Wednesday, July 05, 2006

NASA: King of the Daredevils

Today the History Channel ran a special on the career of motorcycle daredevil Evel Knievel. By coincidence, CSPAN2 happened to be replaying a NASA press conference at the same time.

If you flipped back and forth between the two channels, the resemblance was startling.

There was Evel Knievel in the 1970s, battling technical problems as he prepared to jump Snake River Canyon in Idaho in a flashy rocket, surrounded by cameras and cheering crowds.

That particular jump didn't go very well.

So there was Evel Knievel, talking to the press, explaining what went wrong.

And there was Evel Knievel, jumping his Harley-Davidson over thirteen Greyhound buses, over fourteen Greyhound buses, over fifty-two cars, as the crowds screamed and cheered and held their breath and jumped to their feet.

Of course, there's no point at all to jumping a motorcycle over an impossible distance just to see if you can do it without being killed.

Just like there's no point at all to launching the space shuttle.

NASA says the shuttle Discovery is on "a rather pedestrian mission" to bring supplies to the half-completed space station, where a crew of two is about to increase to a crew of three.

USA Today says the shuttle is on a mission to pick up the trash. The space station is so crammed, the paper reported, that the astronauts can't even find their big-screen television.

If the shuttle is a motorcycle stunt on a rocket, the space station is a flagpole-sitting contest.

What is the point? Just to see if we can keep people on a flying Winnebago for months at a time without killing them?

Don't take my word for it. NASA Administrator Michael Griffin told USA Today last fall that it is now commonly accepted that the space shuttle and the space station were mistakes.
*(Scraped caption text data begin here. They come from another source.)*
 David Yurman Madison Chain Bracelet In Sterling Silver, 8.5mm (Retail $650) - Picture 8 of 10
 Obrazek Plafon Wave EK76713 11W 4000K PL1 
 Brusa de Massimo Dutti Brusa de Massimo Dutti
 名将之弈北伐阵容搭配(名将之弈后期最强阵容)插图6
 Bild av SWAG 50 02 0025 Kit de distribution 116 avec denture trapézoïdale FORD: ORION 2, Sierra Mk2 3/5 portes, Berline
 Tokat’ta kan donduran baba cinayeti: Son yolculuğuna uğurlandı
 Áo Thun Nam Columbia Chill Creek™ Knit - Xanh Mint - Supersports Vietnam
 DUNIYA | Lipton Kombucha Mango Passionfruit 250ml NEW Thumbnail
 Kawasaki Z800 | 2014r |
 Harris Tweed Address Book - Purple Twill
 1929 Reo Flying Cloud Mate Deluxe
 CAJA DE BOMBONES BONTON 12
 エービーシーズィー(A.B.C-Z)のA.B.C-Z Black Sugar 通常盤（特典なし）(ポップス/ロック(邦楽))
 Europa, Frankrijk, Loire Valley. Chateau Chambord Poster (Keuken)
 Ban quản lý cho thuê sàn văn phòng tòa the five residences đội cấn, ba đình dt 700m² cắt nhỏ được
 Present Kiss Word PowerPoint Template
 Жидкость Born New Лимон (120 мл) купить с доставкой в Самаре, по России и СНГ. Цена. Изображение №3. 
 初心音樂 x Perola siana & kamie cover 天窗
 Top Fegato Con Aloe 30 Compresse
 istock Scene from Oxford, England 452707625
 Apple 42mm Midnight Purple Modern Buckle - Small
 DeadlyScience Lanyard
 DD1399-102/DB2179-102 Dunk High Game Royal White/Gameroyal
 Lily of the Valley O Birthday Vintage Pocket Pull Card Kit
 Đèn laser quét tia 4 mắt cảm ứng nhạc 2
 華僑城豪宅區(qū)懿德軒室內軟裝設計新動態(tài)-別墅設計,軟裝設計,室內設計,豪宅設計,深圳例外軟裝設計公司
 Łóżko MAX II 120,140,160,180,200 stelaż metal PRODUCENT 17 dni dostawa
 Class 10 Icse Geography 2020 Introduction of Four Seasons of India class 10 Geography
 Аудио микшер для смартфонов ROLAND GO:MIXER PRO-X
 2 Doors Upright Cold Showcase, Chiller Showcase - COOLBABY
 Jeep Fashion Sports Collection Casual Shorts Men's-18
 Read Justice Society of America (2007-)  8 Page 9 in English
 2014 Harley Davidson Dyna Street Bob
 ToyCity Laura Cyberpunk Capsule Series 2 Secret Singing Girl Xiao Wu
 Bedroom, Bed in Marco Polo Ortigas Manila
They never leave the Earth's orbit, he explained, so they don't accomplish anything in the way of space exploration.

The NASA officials at Tuesday's press conference said the crew of the shuttle Discovery is presently examining the orbiter's exterior for signs of damage from the six pieces of insulating foam that flew off the external fuel tank during launch. If there's damage to the heat shield, the astronauts will live at the space station until NASA can get the shuttle Atlantis off the ground to go and rescue them. Discovery will be flown home by remote control so that if it burns up on re-entry, it won't kill anybody.

So Discovery's mission is this: get off the ground safely, carry enough supplies so the crew members don't starve to death during an emergency stay on the space station, and fly home without exploding in a fireball.

If NASA is going to do Evel Knievel's act, the least they could do is get the astronauts some better looking jumpsuits.